Lunch at Dulce's was a bit different this past Monday. This is because we didn't have anyone from the school come with us on our visit. I liked this because Dulce's son, Manuel, joined us for lunch. I really got to practice my Spanish since he doesn't know any English. I would ask him different questions and he would usually when he responded he was speaking very quickly. Most of the time I was able to understand what he was saying but there were times that I had to ask him to repeat what he said. He would then break down what he said into simpler sentences that I could understand. It was such a great experience. What I found to be funny is that Manuel didn't like the food that his mom made. He didn't want any papas fritas or pollo. He only took arroz con frijoles but he hardly ate any of it because he said he doesn't like arroz very much. We were eating such a traditional meal so I wonder what he actually likes to eat. If he eats with us again I'll have to ask him. At one point we started talking about music and he told me that he likes Justin Beiber's music. I told him that I liked his music too so he went and got his blackberry and played "Baby" by Justin Beiber. I thought that was nice. It's funny how certain artists are so well known in different countries especially since their songs are in English. It was nice though because we were able to find a connection. Dulce is usually busy doing her children's hair and getting them ready for school so I am happy that her son joined us today. I hope that he does again in the future.
We also got the chance to check out the public school. The school doesn't exactly give off a welcoming vibe due to the barbed wire that is found all around the school. It looks more like a jail. We got to meet with the principal and ask him any questions that we had. I found this meeting to be very informative and interesting. One thing that I found interesting is that before the government implemented a new law stating that teachers need to have training in order to be certified all one needed to do in order to be a teacher in the public school is have their high school diploma. I can't imagine this. How would one even know where to begin in regards to teaching. How would these teachers understands the curriculum or even the content that they are teaching? It baffles me because it leads to teachers teaching content that they are not even educated in. Just because you graduated high school does not mean you can readily teach what you learned to others. Hiring teachers in this manner is doing such a disservice to the students. I was quite glad to hear that due to the knew law all the teachers in the building have to get trained so they could be certified to teach.
We received a lot of information from the principal but I don't believe all of it was accurate. I think he wanted to portray his school in a very positive light so it seemed as though he was exaggerating in regard to some statistics. For example, he stated that 90% of female students are graduating. This is a very high percentage and many girls drop out of school early to help at home. Thus, I don't believe this statistic to be true.

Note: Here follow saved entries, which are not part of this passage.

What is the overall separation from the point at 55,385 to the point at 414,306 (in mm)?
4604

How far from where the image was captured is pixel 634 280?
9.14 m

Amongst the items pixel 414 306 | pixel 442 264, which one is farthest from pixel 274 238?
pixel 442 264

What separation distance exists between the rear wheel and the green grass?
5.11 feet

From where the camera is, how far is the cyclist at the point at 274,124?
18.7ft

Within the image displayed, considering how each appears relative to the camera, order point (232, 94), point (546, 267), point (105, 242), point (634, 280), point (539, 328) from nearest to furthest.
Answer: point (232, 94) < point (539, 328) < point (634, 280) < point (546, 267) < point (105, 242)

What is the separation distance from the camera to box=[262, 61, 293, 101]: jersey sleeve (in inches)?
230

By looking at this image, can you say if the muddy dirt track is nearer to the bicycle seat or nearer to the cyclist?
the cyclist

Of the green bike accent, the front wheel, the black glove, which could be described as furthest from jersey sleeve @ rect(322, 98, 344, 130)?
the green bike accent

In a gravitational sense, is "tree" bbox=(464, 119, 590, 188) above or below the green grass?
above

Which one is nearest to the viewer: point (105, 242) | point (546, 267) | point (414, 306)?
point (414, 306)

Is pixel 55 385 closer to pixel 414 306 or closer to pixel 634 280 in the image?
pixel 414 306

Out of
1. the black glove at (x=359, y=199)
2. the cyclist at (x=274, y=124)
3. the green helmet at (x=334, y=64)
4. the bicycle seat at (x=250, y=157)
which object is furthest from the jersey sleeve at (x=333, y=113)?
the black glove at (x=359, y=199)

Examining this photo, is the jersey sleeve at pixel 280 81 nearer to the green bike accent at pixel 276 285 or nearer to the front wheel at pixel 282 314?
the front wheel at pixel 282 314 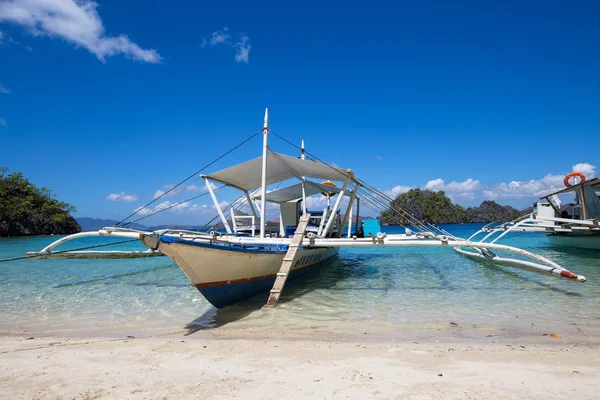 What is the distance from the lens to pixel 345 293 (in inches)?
357

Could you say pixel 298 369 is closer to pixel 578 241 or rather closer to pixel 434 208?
pixel 578 241

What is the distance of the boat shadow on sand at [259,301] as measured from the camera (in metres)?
6.60

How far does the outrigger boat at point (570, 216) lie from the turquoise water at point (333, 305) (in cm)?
390

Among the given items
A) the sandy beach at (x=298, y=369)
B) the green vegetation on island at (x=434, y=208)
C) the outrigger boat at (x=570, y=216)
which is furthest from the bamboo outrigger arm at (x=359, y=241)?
the green vegetation on island at (x=434, y=208)

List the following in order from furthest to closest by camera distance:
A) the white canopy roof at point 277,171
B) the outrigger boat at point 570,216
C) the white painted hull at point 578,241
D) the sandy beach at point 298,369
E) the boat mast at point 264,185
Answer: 1. the white painted hull at point 578,241
2. the outrigger boat at point 570,216
3. the white canopy roof at point 277,171
4. the boat mast at point 264,185
5. the sandy beach at point 298,369

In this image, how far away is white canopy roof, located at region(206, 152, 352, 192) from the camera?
10.5 metres

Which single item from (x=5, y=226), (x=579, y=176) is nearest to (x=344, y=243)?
(x=579, y=176)

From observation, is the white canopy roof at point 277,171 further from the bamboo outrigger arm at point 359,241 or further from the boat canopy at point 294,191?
the bamboo outrigger arm at point 359,241

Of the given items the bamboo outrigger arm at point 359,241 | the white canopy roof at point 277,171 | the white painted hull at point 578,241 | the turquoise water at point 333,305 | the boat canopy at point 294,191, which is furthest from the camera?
the white painted hull at point 578,241

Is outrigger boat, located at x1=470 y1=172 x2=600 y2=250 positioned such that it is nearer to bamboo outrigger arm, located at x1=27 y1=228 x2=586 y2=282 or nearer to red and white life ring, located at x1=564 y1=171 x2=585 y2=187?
red and white life ring, located at x1=564 y1=171 x2=585 y2=187

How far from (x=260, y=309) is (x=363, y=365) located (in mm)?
3757

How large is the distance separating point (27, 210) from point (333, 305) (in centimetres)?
5818

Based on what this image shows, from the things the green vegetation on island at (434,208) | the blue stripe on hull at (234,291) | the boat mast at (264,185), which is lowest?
the blue stripe on hull at (234,291)

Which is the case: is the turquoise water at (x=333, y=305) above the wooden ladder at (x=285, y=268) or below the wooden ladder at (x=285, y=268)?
below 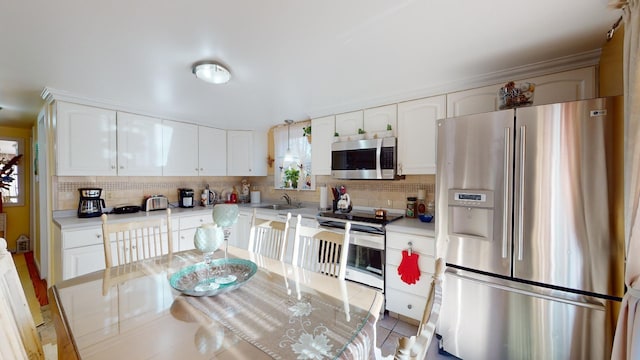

I did get the chance to sit in a classroom and observe. I observed in a first grade classroom. There were enough desk for all the students but some of the desks looked way too big for the students. There also seemed to be a lack of materials. I didn't see any of the traditional things that one sees in a first grade classroom such as children's books. The classroom was pretty empty except for the students' desks, the teacher's desk and a cabinet where the teacher stores her materials. The room had two chalkboards and all the posters on the wall were work that the teacher had completed with the students on chart paper. The room really didn't resemble a classroom that one would see in the United States. The room basically had the bare minimum items in it in order to make it a "functional" classroom.
The school was also quite loud. The students in my class were very attentive to the teacher. This was impressive because there was so much noise coming from the surrounding classrooms. There was also music blaring from one of the surrounding houses. Both of these factors can make it hard to concentrate. The students in my room were good until the teacher left the room. Then they got a bit rambunctious; especially the boys. The boys were hitting each other with their pencils, climbing on top of their chairs, kept getting out of their chair, and were walking around the room instead of completing their work. I think a lot of this is due to the lack of movement they have during the day. However, it is unfortunate that they were not able to stay on task when the teacher was out of the room. The girls were very well behaved and one girl in particular kept showing her work to another Buffalo State student in the room looking for her approval. I thought this was very sweet.
We also were able to visit the DR foundation for girls which is an after school program for girls. It is aimed at helping them stay in school and to stay out of trouble in their community. I think that this is such a great program. It seems similar to the programs that we have in Buffalo and I truly believe that they help keep children on the right path. I also believe that having a positive role model in one's life can make all of the difference. Not only are the girls who attend this foundation provided with excellent role models but they are also reminded of the woman who made a difference in the Dominican Republic. This is done by having murals on the wall of these woman and naming the different rooms (such as the art room, music room, theater room etc.) after these powerful women. It really does seem like this foundation is making a difference. They have had several girls graduate the program and continue on with their education to become involved in a highly respected profession. They also do not let the girls stay in the program if they become pregnant which is helping to decrees the number of pregnancy. This organization has so much to offer and I feel as though it will help many girls find their niche or interests outside of the traditional roles of a Dominican woman. I was thrilled to visit this foundation because it is organizations like this that truly make a difference and positively impact children's' lives.